**The task**: Go to the line containing "Daryl Braithwaite remakes" in the records below and print it and every following line exactly, on through the line containing "4 Bedroom Single Family Home/House's Image 7", then stop.

**Excerpted records**:
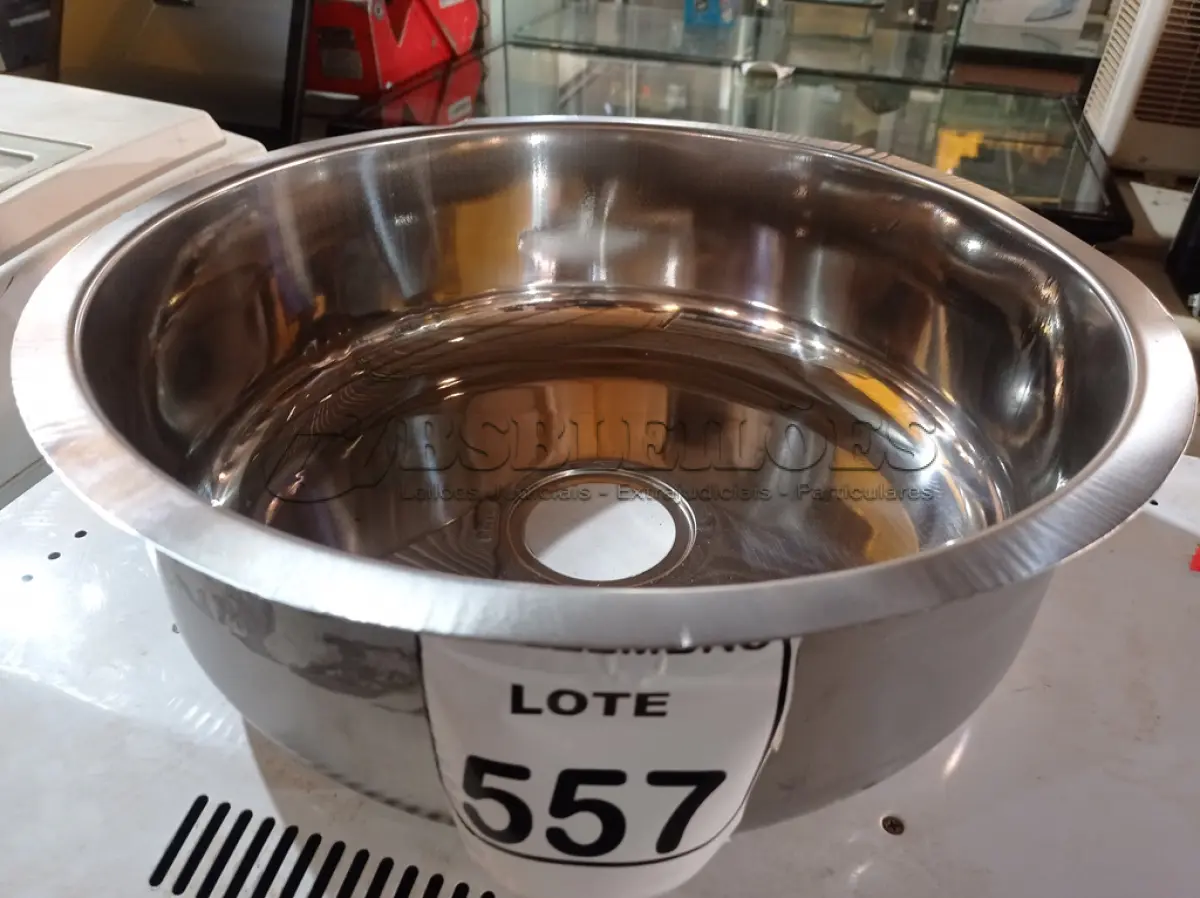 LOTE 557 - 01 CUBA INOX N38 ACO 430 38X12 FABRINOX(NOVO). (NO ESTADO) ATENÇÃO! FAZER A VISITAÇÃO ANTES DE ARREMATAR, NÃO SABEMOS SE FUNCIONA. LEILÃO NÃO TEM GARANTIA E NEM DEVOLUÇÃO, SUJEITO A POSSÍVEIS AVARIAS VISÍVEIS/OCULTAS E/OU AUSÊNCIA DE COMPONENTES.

* * *

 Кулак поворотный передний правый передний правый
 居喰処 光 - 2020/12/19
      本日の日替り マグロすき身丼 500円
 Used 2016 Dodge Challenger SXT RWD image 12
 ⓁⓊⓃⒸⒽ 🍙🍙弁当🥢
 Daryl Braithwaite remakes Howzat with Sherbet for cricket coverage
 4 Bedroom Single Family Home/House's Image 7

**Answer space**:
 Daryl Braithwaite remakes Howzat with Sherbet for cricket coverage
 4 Bedroom Single Family Home/House's Image 7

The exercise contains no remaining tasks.